La vidéo est particulièrement éloquente puisque l’homme marche en confiance, les mains dans les poches et se fait violemment bousculer de manière apparemment complètement injustifiable. On trouvera très intéressant de comparer cette vidéo à la série d’images diffusée par une grande agence photographique qui montre le décès du même Ian Tomlison d’une manière complètement opposée : la police n’est plus auteur d’une agression mais apporte une assistance compassionnelle (l’image que je reproduis ci dessus a tout de la Pietà !) à un homme en train de mourir. 

La police métropolitaine de Londres a lancé en février 2008 une campagne publicitaire qui engage chaque citoyen à surveiller les photographes amateurs et à les signaler aux policiers : Thousands of people take photos every day. What if one of them seems odd? Terrorists use surveillance to help plan attacks, taking photos and making notes about security measures like the location of CCTV cameras. If you see someone doing that, we need to know. Let experienced officers decide what action to take2. Nous en sommes donc à surveiller les surveillants des surveillants !

Dans ce cadre, un éditeur de logiciels pour téléphones portables, hippocampsoftware, a créé un logiciel gratuit pour téléphones BlackBerry baptisé GandhiCam, qui permet d’assurer la sécurité de ses fichiers vidéo.
En effet, sitôt les images créées, le logiciel les adresse par e-mail à leur propriétaire, sans la moindre opération manuelle.

  1. C’est vrai, le mot est laid, surtout en français, et la « sousveillance » n’est jamais qu’une « surveillance » mais faute de mieux, je continue à l’employer. []
  2. Traduction rapide : Des milliers de gens prennent des photographies chaque jour. Que faire si l’un d’eux a l’air louche ? Les terroristes utilisent la surveillance pour préparer des attaques, prennent des photos et des notes au sujet des dispositifs de sécurité tels que la localisation des caméras de surveillance. Si vous voyez quelqu’un en train de faire ça, nous avons besoin d’en être informés. Laissez les policiers expérimentés décider des mesures à prendre []
  1. 3 Responses to “Tensions autour de la « sousveillance »”

  2. By Bishop on Avr 21, 2009

    Je trouve le logiciel de la fin excellent. Je m’étais dis il y a peu que ce serait pratique pour empêcher que des policiers suppriment les images une fois qu’ils ont pris l’appareil photo en question et bim. dommage qu’on ne peut pas avoir le même genre de dispositif pour les appareils photos classique (du moins pour le moment…)

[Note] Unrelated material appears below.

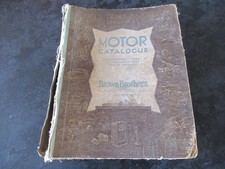 Brown Brothers '' Fifty years of Progress'' 1889 to 1939. Motor Catalogue.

  3. By Jean-no on Avr 21, 2009

    Il existe des modules permettant de transmettre des images par wifi notamment avec des reflex, mais ça demande un sacré budget. C’est utilisé pour des manifestations genre jeux olympiques : les photographes envoient leurs clichés aux rédactions dans la minute.

  4. By jyrille on Juin 7, 2011

    On est en plein 1984 de Orwell… et « Who watches the Watchmen ? » n’aura jamais été aussi vrai. C’est désespérant.